Data without context is like sound without rhythm. It's just noise.
Just as rhythm gives music meaning, context gives data purpose. In the age of AI, context is the pulse that turns insight into understanding.
For brands striving to build deeper relationships with their customers, context is the bridge between data and empathy. It’s the essential ingredient that makes personalized, emotionally intelligent experiences possible.
We all envision a world of AI that’s built around trust, control and joy in every interaction. But this can only be realized when AI agents truly understand both the human and the product in every moment of engagement. That understanding doesn't happen by accident. It must be designed, engineered and continuously evolved.
Enter context engineering: the process of teaching machines how to listen, not just process. Teaching AI the who, when and why of every interaction.

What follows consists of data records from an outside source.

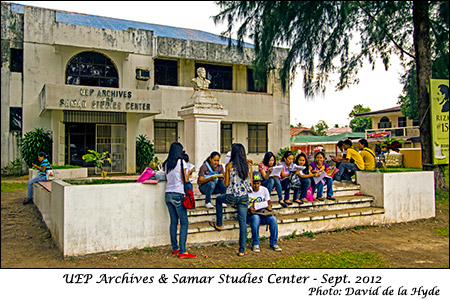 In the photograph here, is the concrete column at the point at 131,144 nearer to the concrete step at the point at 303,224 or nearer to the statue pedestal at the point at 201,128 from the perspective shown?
the statue pedestal at the point at 201,128

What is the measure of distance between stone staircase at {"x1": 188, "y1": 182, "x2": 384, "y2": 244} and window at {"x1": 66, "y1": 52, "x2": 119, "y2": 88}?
13.0 m

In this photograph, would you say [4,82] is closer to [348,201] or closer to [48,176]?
[48,176]

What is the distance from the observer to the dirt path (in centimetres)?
543

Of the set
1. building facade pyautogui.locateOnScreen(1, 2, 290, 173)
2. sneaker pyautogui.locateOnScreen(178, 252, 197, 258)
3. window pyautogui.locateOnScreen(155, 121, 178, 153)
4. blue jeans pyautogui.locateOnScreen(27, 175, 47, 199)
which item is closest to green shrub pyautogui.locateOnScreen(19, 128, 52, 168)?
building facade pyautogui.locateOnScreen(1, 2, 290, 173)

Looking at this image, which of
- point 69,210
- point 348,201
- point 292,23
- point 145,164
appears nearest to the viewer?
point 69,210

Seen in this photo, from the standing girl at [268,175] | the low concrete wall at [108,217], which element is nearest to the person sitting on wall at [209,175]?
the standing girl at [268,175]

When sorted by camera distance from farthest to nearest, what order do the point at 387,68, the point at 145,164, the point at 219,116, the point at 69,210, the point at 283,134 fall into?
the point at 283,134
the point at 145,164
the point at 387,68
the point at 219,116
the point at 69,210

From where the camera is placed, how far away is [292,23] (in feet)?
40.7

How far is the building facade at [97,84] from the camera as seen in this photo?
16938mm

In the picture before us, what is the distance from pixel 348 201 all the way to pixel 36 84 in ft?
50.0

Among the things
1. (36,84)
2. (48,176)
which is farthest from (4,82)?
(48,176)

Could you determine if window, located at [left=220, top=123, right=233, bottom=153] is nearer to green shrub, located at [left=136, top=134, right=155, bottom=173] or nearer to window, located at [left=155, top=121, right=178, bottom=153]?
Result: window, located at [left=155, top=121, right=178, bottom=153]

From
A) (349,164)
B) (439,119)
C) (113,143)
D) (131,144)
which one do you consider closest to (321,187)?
(349,164)

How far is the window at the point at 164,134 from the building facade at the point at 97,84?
2.1 inches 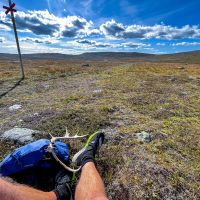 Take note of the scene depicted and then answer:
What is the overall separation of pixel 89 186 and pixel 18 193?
1.39m

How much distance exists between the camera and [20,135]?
8352 mm

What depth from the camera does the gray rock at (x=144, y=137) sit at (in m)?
7.87

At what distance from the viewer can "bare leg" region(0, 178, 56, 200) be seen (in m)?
4.16

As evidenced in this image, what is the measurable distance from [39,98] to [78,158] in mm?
8767

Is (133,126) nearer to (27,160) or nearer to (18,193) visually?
(27,160)

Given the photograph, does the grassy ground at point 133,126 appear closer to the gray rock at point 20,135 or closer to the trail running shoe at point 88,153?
the gray rock at point 20,135

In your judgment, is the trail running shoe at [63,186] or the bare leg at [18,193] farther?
the trail running shoe at [63,186]

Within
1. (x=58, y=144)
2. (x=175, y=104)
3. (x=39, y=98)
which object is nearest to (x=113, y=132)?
(x=58, y=144)

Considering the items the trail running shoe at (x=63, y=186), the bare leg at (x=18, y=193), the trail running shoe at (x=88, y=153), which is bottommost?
the trail running shoe at (x=63, y=186)

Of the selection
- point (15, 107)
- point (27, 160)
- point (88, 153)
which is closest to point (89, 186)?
point (88, 153)

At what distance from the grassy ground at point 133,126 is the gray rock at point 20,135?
0.32 meters

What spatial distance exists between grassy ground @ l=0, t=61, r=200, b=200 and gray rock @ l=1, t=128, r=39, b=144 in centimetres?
32

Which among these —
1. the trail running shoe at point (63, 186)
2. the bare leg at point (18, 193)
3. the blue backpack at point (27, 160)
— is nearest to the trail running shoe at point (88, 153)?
the blue backpack at point (27, 160)

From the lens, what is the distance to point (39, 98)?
14141mm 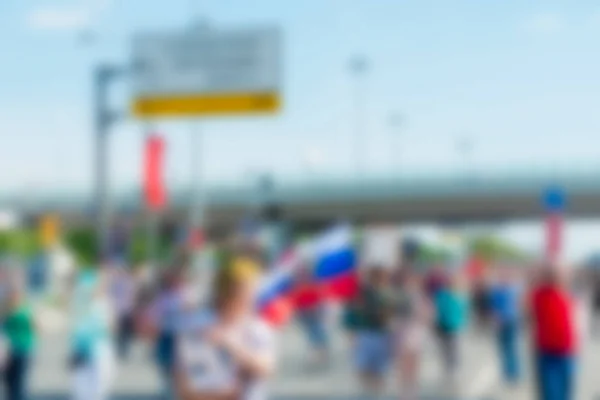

Context engineering: connecting the dots that data can’t
Context engineering is an evolution of prompt engineering. In the same way that prompt engineering (done well) gives enough context to the LLM to enable accurate responses, context engineering extends the prompt by connecting dots across disparate data systems.
This could be systems that house customer and product data, for example a Customer Data Platform (CDP), Customer Relationship Management (CRM) platform, Content Management System (CMS) or a Product Information Management (PIM) platform.
“By engineering context into AI agent workflows, brands can deliver experiences that feel intuitive, responsive, and empathetically human.”
Mark Simpson
The role of customer context
Imagine a customer who’s navigating a complex buying decision. For example, they’re shopping for sustainably made hiking shoes suited for mountain terrain. Instead of clicking through endless filters, they open a chat with an AI agent and say:
"I'm training to climb a mountain and need shoes that are good for wet conditions but are also eco-friendly. I usually wear a UK 10 but sometimes a size up."
The agent, combining past purchase behavior, product specs, sustainability attributes, and data from the customer’s fitness tracker replies:
"Based on your training profile and past sizing, I’d recommend these three pairs of hiking boots. They are all made with recycled materials and have a strong grip for wet terrain. Two of them run small, so I've adjusted the size filter accordingly. Would you like to see waterproof-only options too?"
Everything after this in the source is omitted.